1st Sep 2014 09:41
LONDON (Alliance News) - The FTSE 100 is trading down on Monday as economic data from the eurozone continues to show a disappointing rate of recovery in the region.
In mid-morning trade, the FTSE 100 is down 0.2% at 6,807.79, while the FTSE 250 trades up 0.1% at 15,893.62, and the AIM All-Share index trades up 0.1% as well at 781.11.
August manufacturing PMI readings for eurozone countries came in largely below expectations, highlighting the weakness of the recovery of the region. The PMI for the eurozone as a whole was 50.7, below the consensus of 50.8 and July's figure of 51.8. The reading for Europe's top economy, Germany, also was lower than expected at 51.4, missing the forecast of 52.0.
Germany also reported on Monday that GDP contracted by 0.2% quarter-on-quarter in the second quarter.
Jaisal Pastakia, investment manager at Heartwood Investment Management, said the German GDP result was not a major concern. "Contrary to some investors, we read the recent data differently. Importantly, seasonal factors influenced the second quarter data, so a pull-back in activity should have been expected. First quarter growth was unusually strong as benign weather conditions boosted construction activity, especially in Germany," Pastakia said.
However, European markets haven't taken the news so optimistically.

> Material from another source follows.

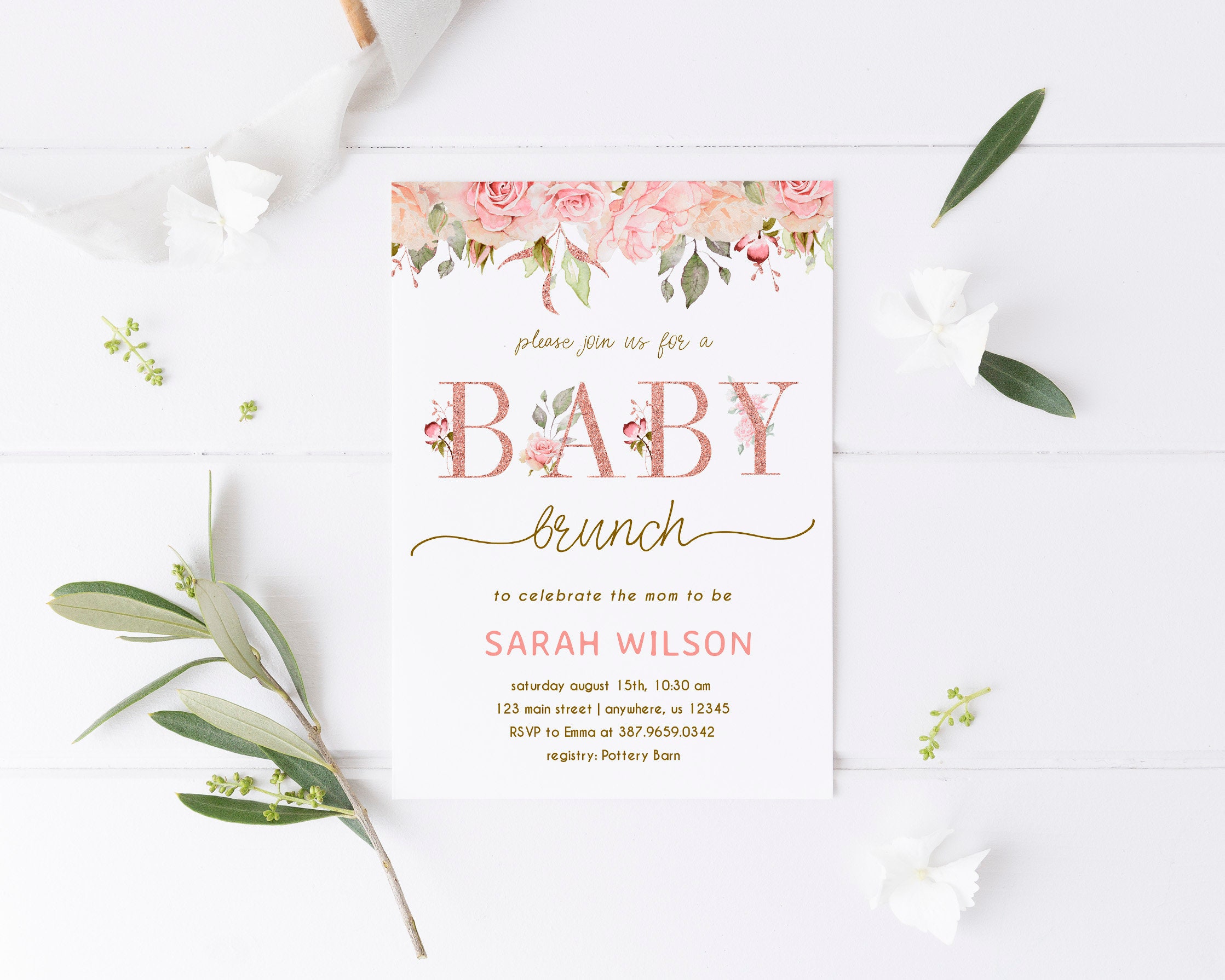 Baby Shower Menu Template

The CAC 40 trades down 0.5% and the DAX down 0.4%.
UK PMI results for August were equally disappointing, coming in at 52.5, missing the consensus of 55.0 and down from 54.8. This news sent the pound tumbling against the dollar and now trades at USD1.6620.
UK mortgage approvals provided more evidence of a slowdown in the UK housing market. The figure for July totalled 66,569, compared to 67,085 in June. It was forecast to fall to 66,000. Meanwhile, housebuilder Berkeley Group Holdings said that since the start of its current financial year, the UK housing market has reverted to normal transactions levels from the high point in 2013,
On the London Stock Exchange, Perform Group has soared to the top of the FTSE 250, with its shares gaining 27%. The digital media company urged its shareholders to take no action after the US's Access Industries Group made a final cash offer to acquire all of the shares in the company it does not already own for 260 pence per share, valuing the company at GBP701.6 million. Perform reiterated its confidence in its standalone strategy and growth prospects, and said it remains focussed on "delivering significant value for all shareholders".
Meanwhile, shares in Tesco, and other UK grocers, continue to be amongst the heaviest FTSE 100 fallers on the back of last week's news of a cut in profit expectations by the company. Major shareholder, David Herro, told the Sunday Telegraph he has cut his investment from around 3% to 1% due to the absence of a clear strategy. The company's shares are down 1.8%.
Also Monday morning, Exane BNP has cut its price target for Tesco, Sainsbury's, Morrisons and Ocado, while also downgrading Ocado to Underperform from Neutral.